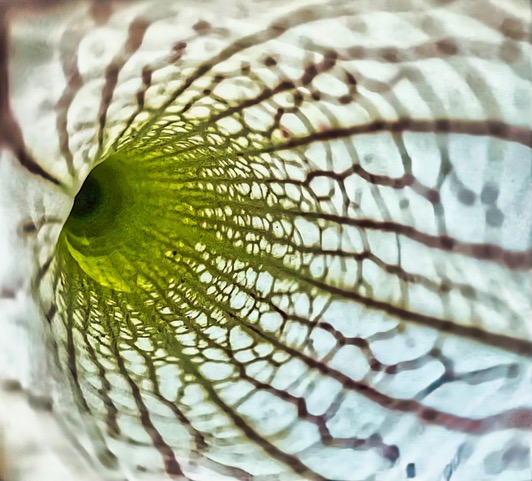 Pitcher Plant interior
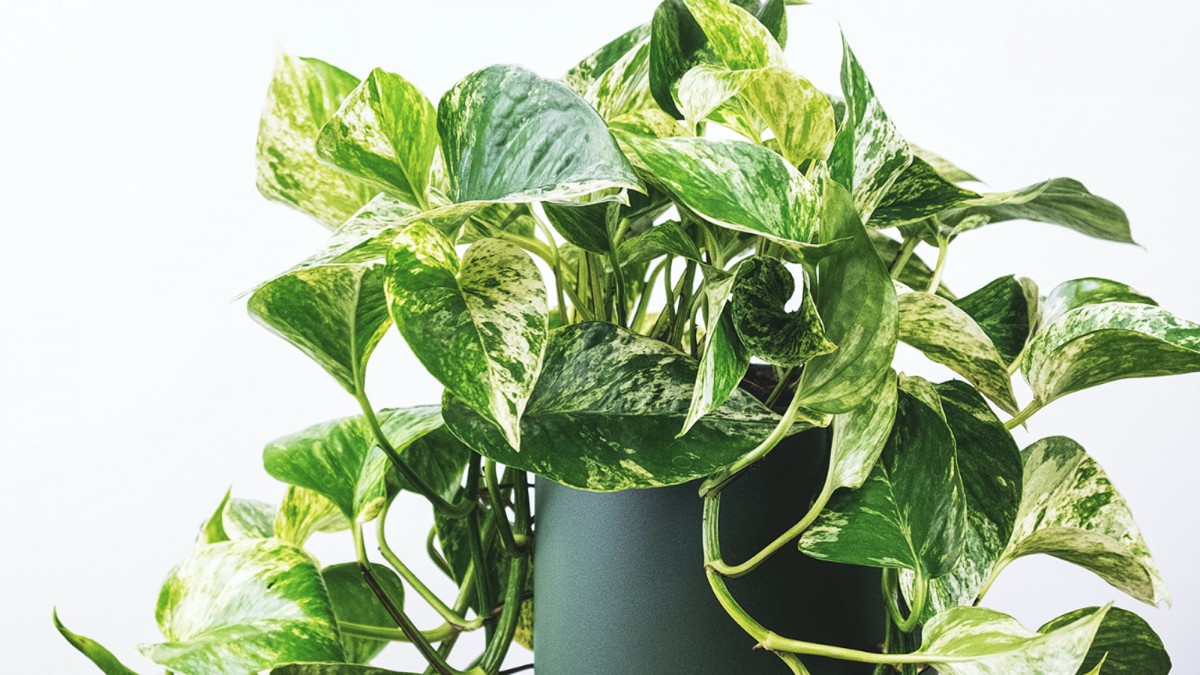 Plant van de maand: De Pothos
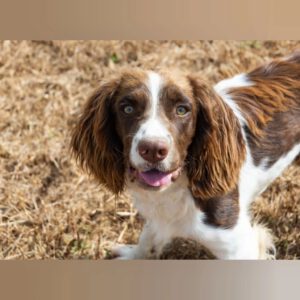 English Springer Spaniel Ron, 10/2024, Endgröße ca. 46 cm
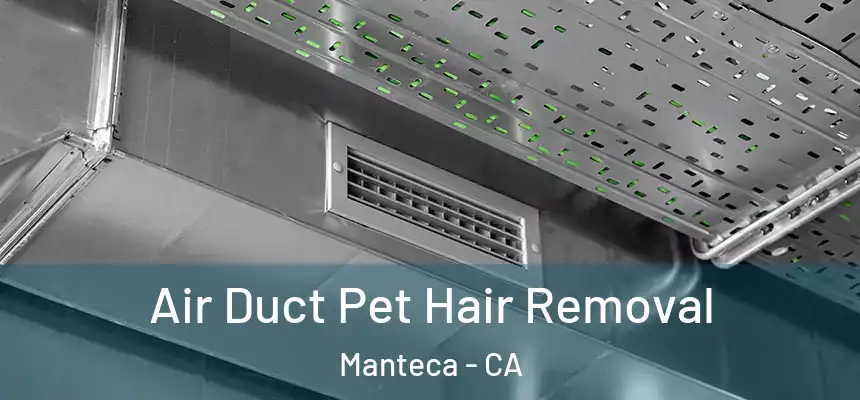 Air Duct Pet Hair Removal Manteca - CA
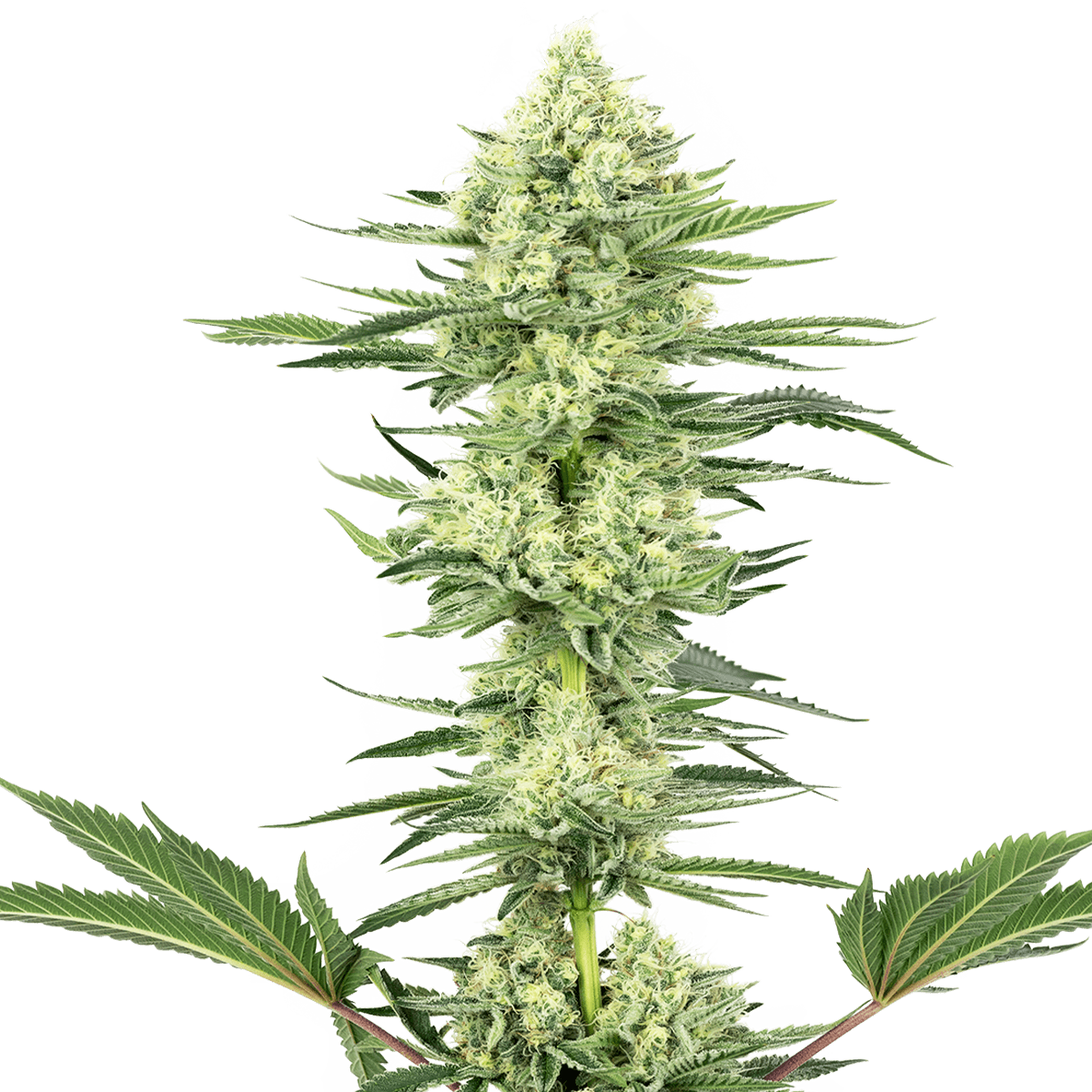 s*0様 Drynaria rigidula `whitei‘ 株分 s*0様 Drynaria rigidula `whitei' 株分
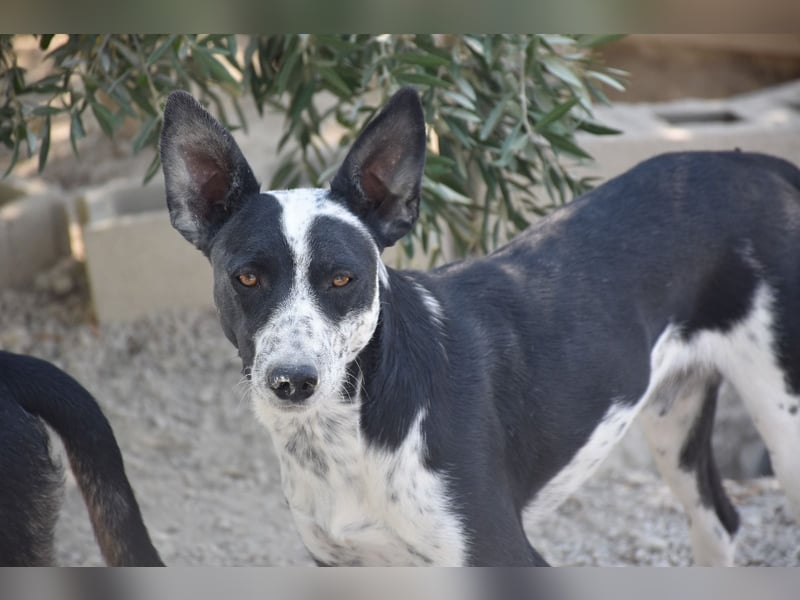 Bandito, freundlicher Junghund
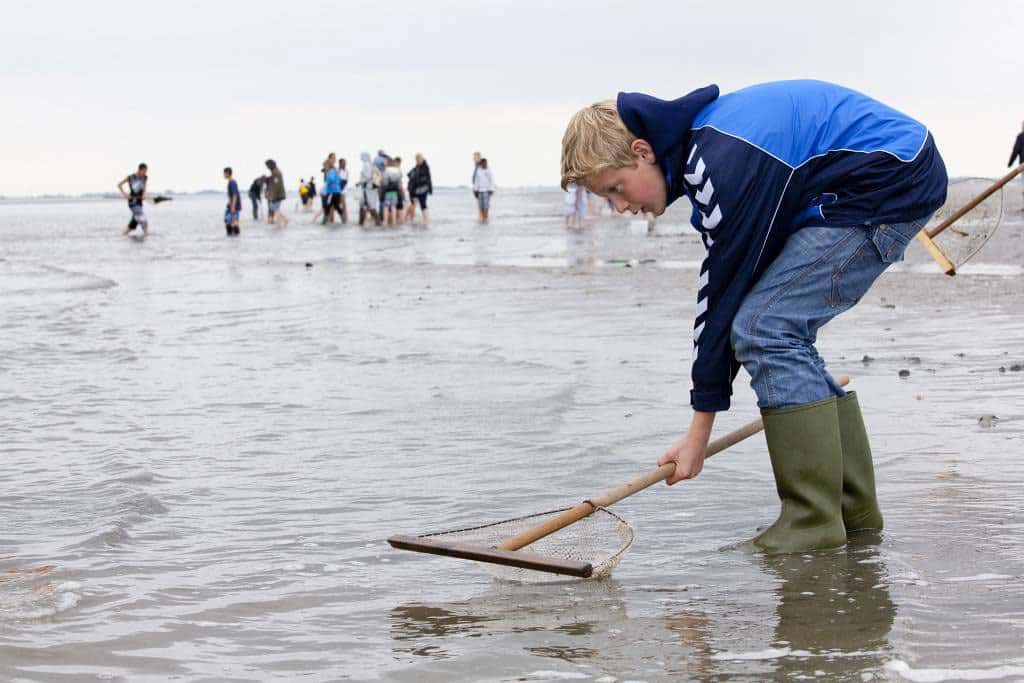 Junge fängt Garnelem mit Käscher auf dem Watt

- - -

▸ HOW TO COMPLETE THIS TASK: Omit the pictures and write out exactly the lines from the one containing "Plant van de maand: De Pothos" through the last line of the material.

▸ WRITTEN RESPONSE:
 Plant van de maand: De Pothos
 English Springer Spaniel Ron, 10/2024, Endgröße ca. 46 cm
 Air Duct Pet Hair Removal Manteca - CA
 s*0様 Drynaria rigidula `whitei‘ 株分 s*0様 Drynaria rigidula `whitei' 株分
 Bandito, freundlicher Junghund
 Junge fängt Garnelem mit Käscher auf dem Watt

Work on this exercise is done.